The first line to keep is the one containing "Mins to Hunter"; restate it and all lines after it through the end of the material, word for word and nothing else.

-- Opening Marker --

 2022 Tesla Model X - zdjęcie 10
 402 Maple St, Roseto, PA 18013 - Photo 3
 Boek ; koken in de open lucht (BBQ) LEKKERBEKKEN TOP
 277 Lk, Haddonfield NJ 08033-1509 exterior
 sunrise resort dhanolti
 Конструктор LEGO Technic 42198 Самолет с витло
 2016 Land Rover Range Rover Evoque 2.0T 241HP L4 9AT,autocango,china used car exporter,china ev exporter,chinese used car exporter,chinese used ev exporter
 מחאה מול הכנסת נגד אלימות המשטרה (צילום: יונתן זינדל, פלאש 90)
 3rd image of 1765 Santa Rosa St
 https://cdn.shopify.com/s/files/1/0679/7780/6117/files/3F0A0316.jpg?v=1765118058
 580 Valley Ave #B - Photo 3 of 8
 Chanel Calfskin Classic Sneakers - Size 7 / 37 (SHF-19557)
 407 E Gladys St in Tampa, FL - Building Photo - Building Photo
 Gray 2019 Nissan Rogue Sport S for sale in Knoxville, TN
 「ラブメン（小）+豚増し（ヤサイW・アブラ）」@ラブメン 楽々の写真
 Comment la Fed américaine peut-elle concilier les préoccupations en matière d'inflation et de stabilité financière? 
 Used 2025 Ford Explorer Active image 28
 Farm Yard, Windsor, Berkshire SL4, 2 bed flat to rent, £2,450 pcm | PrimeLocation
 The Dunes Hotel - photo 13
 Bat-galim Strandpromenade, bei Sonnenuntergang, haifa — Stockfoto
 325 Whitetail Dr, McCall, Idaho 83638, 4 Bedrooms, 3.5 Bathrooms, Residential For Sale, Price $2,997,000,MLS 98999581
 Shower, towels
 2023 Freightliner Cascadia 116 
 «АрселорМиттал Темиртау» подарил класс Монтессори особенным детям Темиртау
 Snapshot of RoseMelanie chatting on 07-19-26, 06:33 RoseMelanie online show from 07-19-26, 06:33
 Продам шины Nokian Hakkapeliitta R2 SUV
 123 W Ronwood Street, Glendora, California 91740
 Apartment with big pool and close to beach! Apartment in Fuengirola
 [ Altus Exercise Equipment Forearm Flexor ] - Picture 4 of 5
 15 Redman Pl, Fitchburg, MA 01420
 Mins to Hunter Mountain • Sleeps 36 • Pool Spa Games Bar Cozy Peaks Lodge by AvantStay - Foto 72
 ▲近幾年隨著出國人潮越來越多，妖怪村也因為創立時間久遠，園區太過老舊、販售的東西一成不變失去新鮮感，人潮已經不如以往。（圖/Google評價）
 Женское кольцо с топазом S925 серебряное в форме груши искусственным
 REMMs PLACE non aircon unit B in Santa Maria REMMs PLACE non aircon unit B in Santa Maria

-- Closing Marker --

▶ _RESULT FOR THIS EXERCISE_
 Mins to Hunter Mountain • Sleeps 36 • Pool Spa Games Bar Cozy Peaks Lodge by AvantStay - Foto 72
 ▲近幾年隨著出國人潮越來越多，妖怪村也因為創立時間久遠，園區太過老舊、販售的東西一成不變失去新鮮感，人潮已經不如以往。（圖/Google評價）
 Женское кольцо с топазом S925 серебряное в форме груши искусственным
 REMMs PLACE non aircon unit B in Santa Maria REMMs PLACE non aircon unit B in Santa Maria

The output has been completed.